Amazon Redshift Software Updates Improve Query Speed by 2.4x
At Periscope Data, we support data teams by helping them and their line-of-business partners manage the entire analytics process. From ingestion and storage, to modeling and analysis, through to visualization and reporting. We manage thousands of Redshift nodes across hundreds of Redshift clusters so our customers can run tens of millions of analytics queries each day. One of the best ways to help our customers be more successful is to enable them to run even more queries each day, and the latest update from Redshift does just that.
Last year, we compared Redshift’s dc1 nodes to their newer dc2 nodes and saw a 5x increase in query speed on the new hardware. But performance is more than just hardware; the software that runs on top of the hardware is as important as the hardware itself. To that end, Amazon has continued to release software updates to improve performance on Redshift — so we ran a test to quantify the level of improvement.

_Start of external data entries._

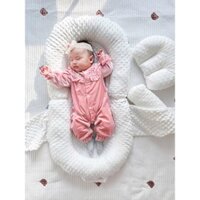 Gối chống trào ngược cho bé sơ sinh  chống trào ngược giúp bé ngủ ngon nệm ngủ cho bé hạn chế nôn chớ ọc sữa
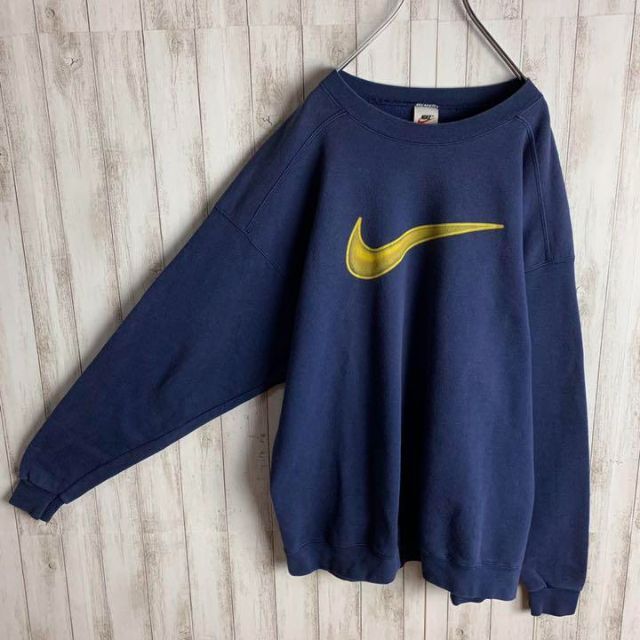 NIKE 入手困難デザイン!!! 90s  スウェット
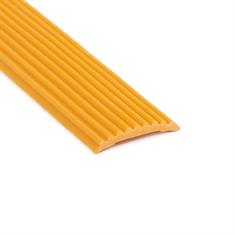 Incrustation pour profil d'escalier orange LxH=30x3,5mm (L=10m)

For the test, we used two clusters: one was a 2-node dc2.large cluster with the latest software, the other was the same hardware with software from 6 months ago (courtesy of the Redshift team). We copied one of Periscope Data’s existing datasets to both clusters and sampled the past week's queries from the STL_QUERY table as our test set, to simulate a week’s worth of queries. In total, we ran approximately 6,000 queries on each cluster. To ensure we were recreating a real-world scenario, we used queries which varied in nature — some included joins, some used aggregate functions and some were simply selecting all data in a table.
We measured the average query time on both clusters at 5-minute intervals. Here’s what we saw:
The current Redshift software performed significantly better than the older software — query times were more consistent and subject to fewer spikes (both in volume and magnitude) than the older software. If we look at the average query time for each cluster, we found this performance boost:
The set of queries run on the older software took an average of 22 seconds per query, whereas the same set of queries on the current software took an average of 9 seconds per query — equating to a 2.4x increase in average performance.

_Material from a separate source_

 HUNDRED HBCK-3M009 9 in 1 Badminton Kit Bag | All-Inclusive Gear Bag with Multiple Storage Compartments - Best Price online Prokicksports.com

When we looked at the distribution of query times, we also noticed a higher volume of queries being returned sub-second on the current software than on the older software:
The current software also showed a tighter distribution of query times overall. To visualize this, we use a box plot which identifies the 25th, 50th and 75th percentiles of our query times as a box with any outlying query times denoted as points:
Even though the 25th, 50th and 75th percentile query times were about the same, the newer software experienced a significantly lower maximum query time than its older counterpart. We visualized the 50th, 75th, 90th, 95th and 99th percentiles to illustrate this difference:
This tells us that the top 5% longest-running queries experience improvements of 2.5x on the latest software — and queries in the top 1% nearly doubled that at 4.6x.
We compared Redshift’s latest software to its software from 6 months ago and found the latest software improved average query speed by 2.4x, which we attribute to a more consistent query experience with fewer spikes in query time.
Without changing anything, Redshift customers can now run 2.4x more analyses per day. We’re happy to see the Redshift team continue to improve and iterate on the product because it means spending less time running queries and more time analyzing critical business questions to make decisions.